THE TASK: In the records that follow, the lines from the one containing "Human IGFALS (Insulin" to the one containing "IF: 1,506 KBN: 15", inclusive, are to be given again exactly.

LISTED RECORDS:
++++++++

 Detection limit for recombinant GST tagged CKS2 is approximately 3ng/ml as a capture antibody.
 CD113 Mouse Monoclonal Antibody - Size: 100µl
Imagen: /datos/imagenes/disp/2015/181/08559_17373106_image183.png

++++++++

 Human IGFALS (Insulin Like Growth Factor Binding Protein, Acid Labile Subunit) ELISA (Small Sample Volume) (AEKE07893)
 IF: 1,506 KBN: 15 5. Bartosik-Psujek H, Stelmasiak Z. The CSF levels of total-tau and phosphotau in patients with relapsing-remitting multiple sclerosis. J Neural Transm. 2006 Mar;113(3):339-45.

++++++++

ANSWER TO THIS PROBLEM:
 Human IGFALS (Insulin Like Growth Factor Binding Protein, Acid Labile Subunit) ELISA (Small Sample Volume) (AEKE07893)
 IF: 1,506 KBN: 15 5. Bartosik-Psujek H, Stelmasiak Z. The CSF levels of total-tau and phosphotau in patients with relapsing-remitting multiple sclerosis. J Neural Transm. 2006 Mar;113(3):339-45.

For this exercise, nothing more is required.